History That Binds a Community

More Than a Nesting Place for Technology: A Roosevelt Island of Art

David Stone
Is a new day dawning for Roosevelt Island?
Is a new day dawning for Roosevelt Island?
© David Stone / Roosevelt Island Daily

It may jar old timers, but our future as a community, if we hope to thrive, depends on drawing outsiders to Roosevelt Island and doing it every day. That means getting them to see us differently, as an easy to get to place where creative arts will thrill visitors.

The first thing we need to do is rid ourselves of the failed idea of busy retail shops lining Main Street. The corridor between Blackwell House and Capobianco Field succeeds only with services, food and beverages.

Dreams of hardware and stationery stores or of a shop catering to pets need to be recognized for what they are: dreams. Dreams that can't and won't come true.

Let's be honest.

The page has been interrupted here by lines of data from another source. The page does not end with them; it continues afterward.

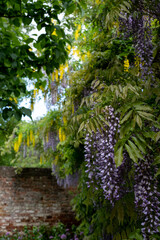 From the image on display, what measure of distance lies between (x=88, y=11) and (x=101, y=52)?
0.88 m

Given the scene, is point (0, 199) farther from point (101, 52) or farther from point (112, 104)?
point (112, 104)

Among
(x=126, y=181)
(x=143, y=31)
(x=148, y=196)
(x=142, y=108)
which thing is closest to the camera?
(x=142, y=108)

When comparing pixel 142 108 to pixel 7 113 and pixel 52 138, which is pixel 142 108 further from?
pixel 52 138

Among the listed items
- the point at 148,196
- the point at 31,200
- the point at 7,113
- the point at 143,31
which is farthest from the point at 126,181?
the point at 31,200

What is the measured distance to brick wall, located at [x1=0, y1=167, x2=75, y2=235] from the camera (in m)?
6.96

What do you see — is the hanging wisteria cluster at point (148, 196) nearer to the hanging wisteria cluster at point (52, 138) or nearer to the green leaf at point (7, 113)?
the green leaf at point (7, 113)

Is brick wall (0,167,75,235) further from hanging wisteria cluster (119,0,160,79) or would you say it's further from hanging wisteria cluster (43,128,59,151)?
hanging wisteria cluster (119,0,160,79)

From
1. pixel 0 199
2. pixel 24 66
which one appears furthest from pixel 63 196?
pixel 24 66

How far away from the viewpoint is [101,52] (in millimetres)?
3736

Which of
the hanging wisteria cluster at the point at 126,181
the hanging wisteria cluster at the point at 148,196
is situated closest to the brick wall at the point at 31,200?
the hanging wisteria cluster at the point at 126,181

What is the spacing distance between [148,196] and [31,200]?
5.32 m

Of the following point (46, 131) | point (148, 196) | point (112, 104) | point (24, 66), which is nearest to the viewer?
point (148, 196)

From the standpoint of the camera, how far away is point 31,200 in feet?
23.5

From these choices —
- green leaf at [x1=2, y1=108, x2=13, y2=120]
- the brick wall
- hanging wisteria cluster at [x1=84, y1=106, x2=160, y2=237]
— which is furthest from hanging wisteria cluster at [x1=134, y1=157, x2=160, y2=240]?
the brick wall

For more than five years, we've had one of the premier real estate companies in New York, one with every kind of connection and in-house talent, trying to fill up our painfully empty storefronts.

That Hudson has come up with quality operations, like Urgent Care, Wholesome Factory, Subway and the soon to open bubble tea, Onda Mexican restaurant and an as yet unnamed casual snack bar is, objectively, a set of achievements worth praise.

But all of these businesses draw on the same customer base. It's very limited.

(No, it's not 14,000 people. That's a number invented by the WIRE to help sell ads. And of the truer count of around 12,000, 10% live in Coler Hospital and group residences. Also unlikely to be steady customers are transients living short term in Octagon, Manhattan Park, Hudson Landings and Southtown.)

You can forget about Cornell Tech juicing Main Street retail. Campus population will remain under four figures for years to come, and even though the school has been a generous community partner, it's unrealistic to lean on it as a savior.

It won't happen because, look around, we haven't given the post grads and their business partners enough reasons to wander regularly up past the subway and the Tram. 

None of our current businesses draw significantly from off the Island, although we're surrounded by millions. That's not a fault. They aren't designed to. They serve our small community, and in every case, they do it very well.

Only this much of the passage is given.